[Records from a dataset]
○ ○ ○

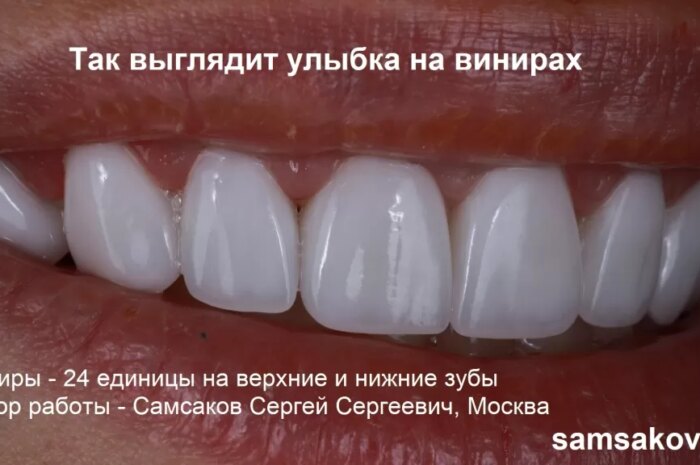 Виниры сегодня востребованы в стоматологии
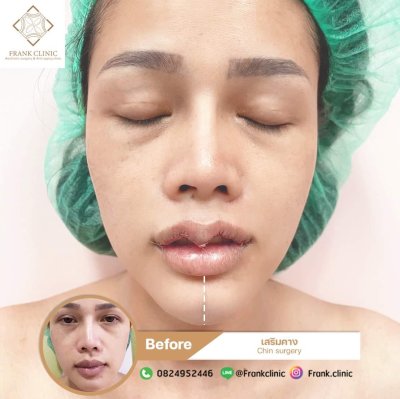 รีวิว เสริมคาง (Chin surgery)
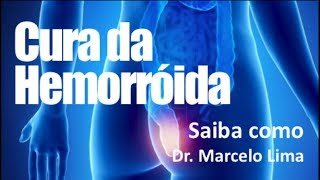 HEMORROIDA  CONHEÇA O TRATAMENTO Dr Marcelo Lima [upl. by Ahseikram]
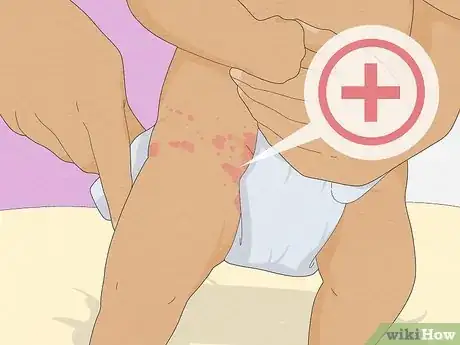 Image intitulée Treat Diaper Rash Step 5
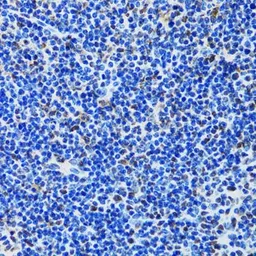 Anti-MTA3 antibody used in IHC (Paraffin sections) (IHC-P). GTX33328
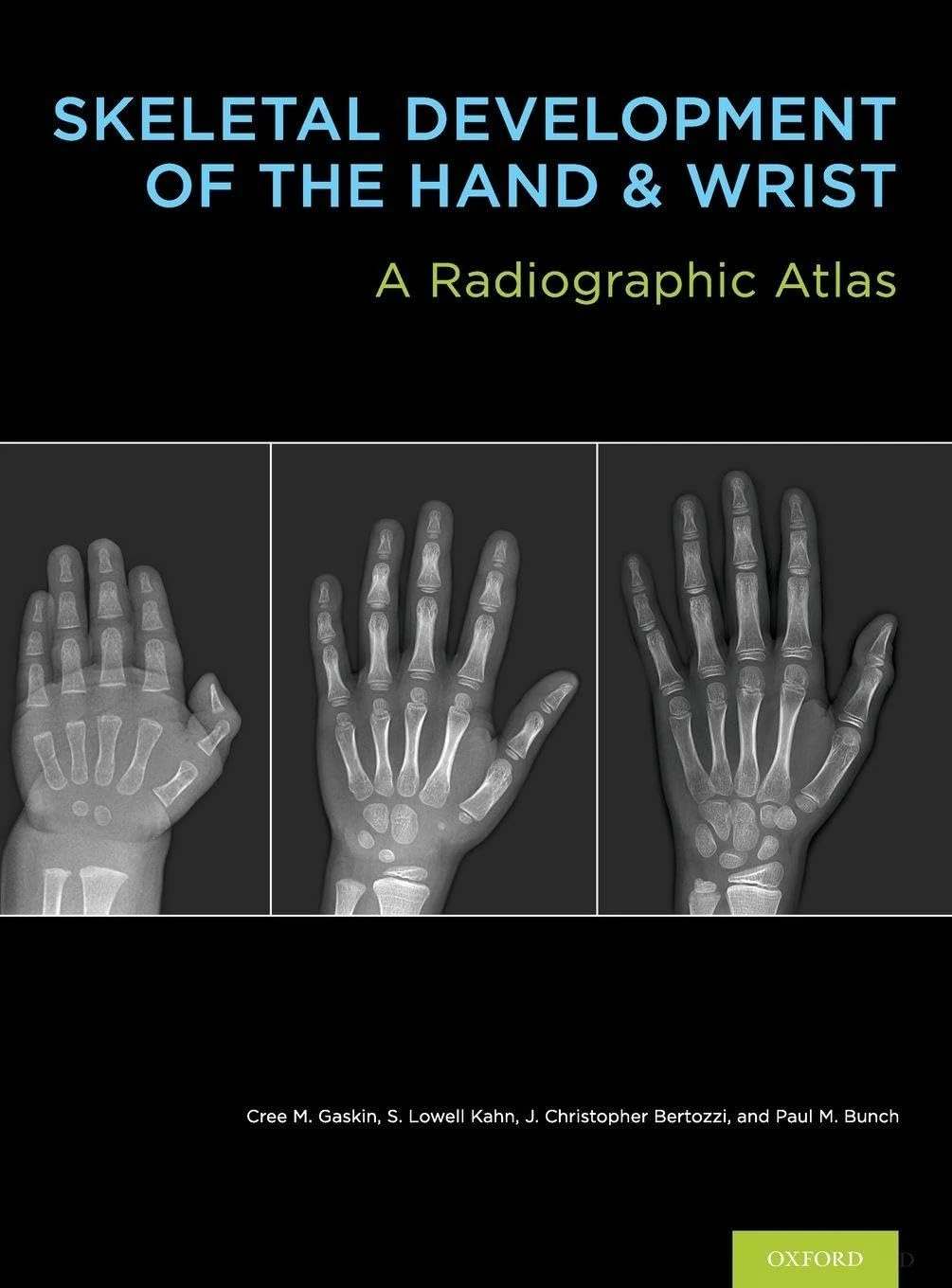 Skeletal Development of the Hand and Wrist: A Radiographic Atlas and Digital Bone Age Companion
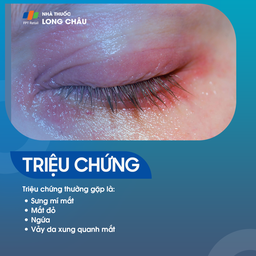  Viêm bờ trên mi mắt là gì? Nguyên nhân, triệu chứng và cách điều trị 2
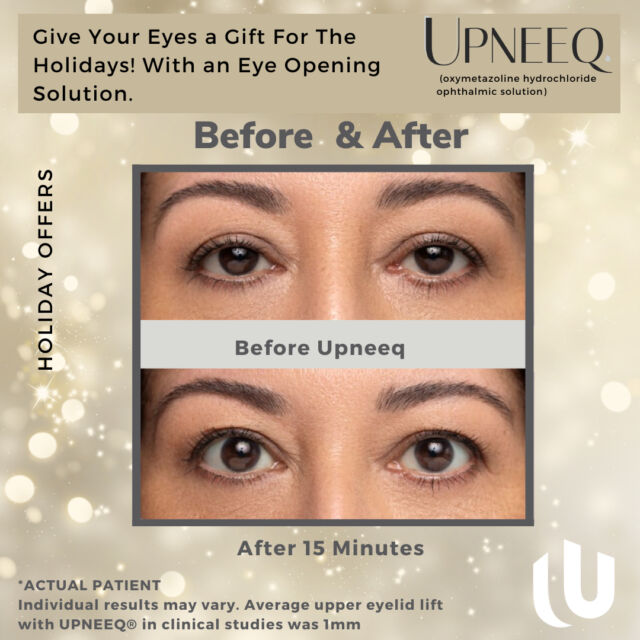 Give Your Eyes a Gift For The Holidays! Upneeq helps your eyes look bigger and brighter by lifting your eyelids, making you look and feel more awake.​​​​​​​​
​​​​​​​​
United Plastic Surgery Holiday Promotion:​​​​​​​​
Buy 1, Get 1 half off​​​​​​​​
5-day Supply for $50/ Second One for $25 ​​​​​​​​
10-day supply for $75/ Second One for $37.50 ​​​​​​​​
Buy a Box of 45 for $240/ Second One for $120​​​​​​​​
​​​​​​​​
Call us today and schedule an appointment with a free demo (951) 414-3530. Register to win a free pack of Upneeq!​​​​​​​​
​​​​​​​​
#UnitedPlasticSurgery #Temecula #upneeq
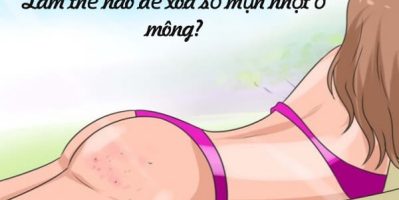 5 Cách Trị Mụn Nhọt Ở Mông Từ Nguyên Liệu Có Sẵn Trong Bếp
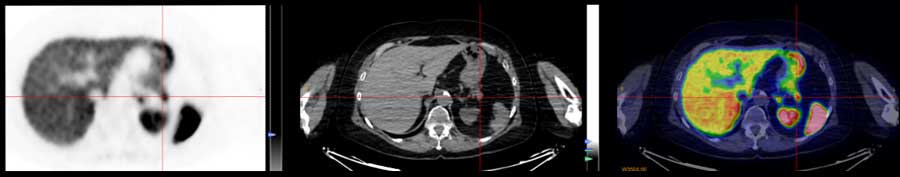 DotaTATE-SSTR-PET-Scan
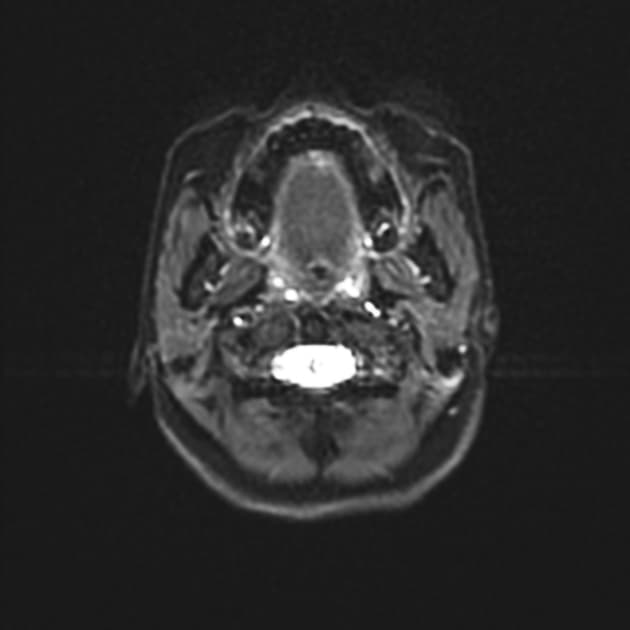 Cerebral Abscess with Frontal Bone Osteomyelitis and Frontal Sinusitis (Áp xe não)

○ ○ ○

_What to do_
Copy the entries precisely, images excluded.

_Response to this task_
 Виниры сегодня востребованы в стоматологии
 รีวิว เสริมคาง (Chin surgery)
 HEMORROIDA  CONHEÇA O TRATAMENTO Dr Marcelo Lima [upl. by Ahseikram]
 Image intitulée Treat Diaper Rash Step 5
 Anti-MTA3 antibody used in IHC (Paraffin sections) (IHC-P). GTX33328
 Skeletal Development of the Hand and Wrist: A Radiographic Atlas and Digital Bone Age Companion
  Viêm bờ trên mi mắt là gì? Nguyên nhân, triệu chứng và cách điều trị 2
 Give Your Eyes a Gift For The Holidays! Upneeq helps your eyes look bigger and brighter by lifting your eyelids, making you look and feel more awake.​​​​​​​​
​​​​​​​​
United Plastic Surgery Holiday Promotion:​​​​​​​​
Buy 1, Get 1 half off​​​​​​​​
5-day Supply for $50/ Second One for $25 ​​​​​​​​
10-day supply for $75/ Second One for $37.50 ​​​​​​​​
Buy a Box of 45 for $240/ Second One for $120​​​​​​​​
​​​​​​​​
Call us today and schedule an appointment with a free demo (951) 414-3530. Register to win a free pack of Upneeq!​​​​​​​​
​​​​​​​​
#UnitedPlasticSurgery #Temecula #upneeq
 5 Cách Trị Mụn Nhọt Ở Mông Từ Nguyên Liệu Có Sẵn Trong Bếp
 DotaTATE-SSTR-PET-Scan
 Cerebral Abscess with Frontal Bone Osteomyelitis and Frontal Sinusitis (Áp xe não)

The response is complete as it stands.